Historic house in Pennsylvania, United States

The Asa Packer Mansion is a historic house museum on Packer Road in Jim Thorpe, Pennsylvania, United States. Completed in 1861, it was the home of Asa Packer (1805–1879), a coal and railroad magnate, philanthropist, and founder of Lehigh University. Asa Packer was also a major contributor in the Lehigh Valley Railroad system. The mansion is one of the best preserved Italianate Villa homes in the United States, with original Victorian furnishings and finishes. It was designated a National Historic Landmark in 1985.

==Description==
The Asa Packer Mansion is located near Jim Thorpe's historic downtown Broadway area, on a terrace overlooking the Lehigh River on the west side of Packer Hill Avenue. The home of Packer's son, the Harry Packer Mansion, designed by Sloan's protegee Addison Hutton, is next door on the same road. The Asa Packer Mansion was built over a cast iron frame and cost $14,000. It contains a total of three stories, 18 rooms, a red-ribbed tin roof, and a two-story covered porch. Both the main roof and porch roof have extended eaves with brackets, and the main roof is capped by a cupola. The main three-story block is extended to either side by smaller blocks ending in bowed segments. The porch has elaborate Italianate details, including arched valances with lacework in the spandrels, and lacework balustrades on the second floor. The interior is also lavishly appointed, retaining original woodwork, features and period furnishings.

==History==
Packer commissioned it to be built in what was then the Borough of Mauch Chunk. It was completed in 1861. The architect was Samuel Sloan of Philadelphia who also designed the Southern Mansion Hotel in Cape May, New Jersey, and Longwood in Natchez, Mississippi. It took Sloan approximately two years to complete the 11,000 square foot mansion. The house bears a strong resemblance to a design published by Sloan in his 1852 Model Architect, in which he promoted the Italian Villa style. The mansion is embellished with marble fireplaces and gilded mirrors, mostly added for the Packers' Golden Wedding Anniversary on January 23, 1878. The mansion is also filled with many distinct details including Gothic gingerbread trefoil motifs and window arches, and exquisitely carved panelling. The original furnishings are reflective of the Packer's wealth and remains as part of the preservation of the mansion.

==Museum==
Upon the death of Mary Packer Cummings, Mr. Packer's daughter (who could not inherit his estate unless she entered into an arranged marriage) in 1912, the home was willed to the Borough of Mauch Chunk to remain as a memorial to her father and his many accomplishments. The borough, not certain what to do with the home, closed it, and for 44 years the home sat idle. The Jim Thorpe Lions Club, looking to sponsor a new community project, approached the borough about opening the home. It was opened for tours on Memorial Day of 1956.
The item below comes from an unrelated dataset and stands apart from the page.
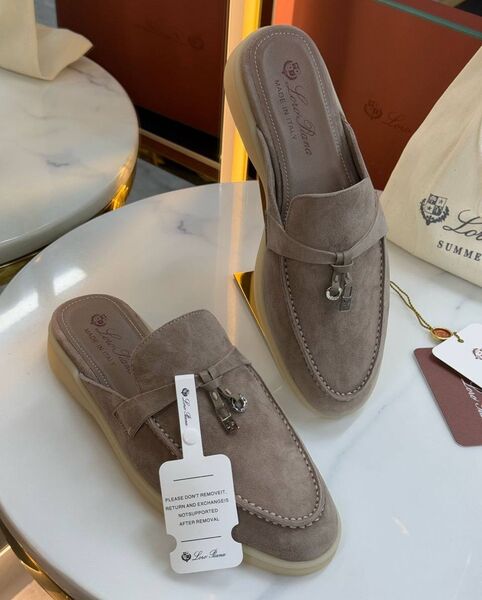 Сабо Loro Piana женский замша бежевый 183839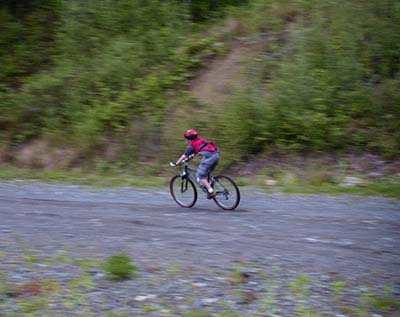 aa3_050100.jpg (24247 bytes)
The home is owned by the town of Jim Thorpe and financially controlled by the Jim Thorpe Lions Club. Ronald J Sheehan serves as executive director of the Mansion Museum as is in charge of overall administration of the National Historic Landmark property.

It was listed on the National Register of Historic Places in 1974, and was further declared a National Historic Landmark in 1985. It is located in the Old Mauch Chunk Historic District.

The Museum is open seven days a week from Memorial Day to October 31. It is also open on weekends in April, May, November, and the first three weekends in December.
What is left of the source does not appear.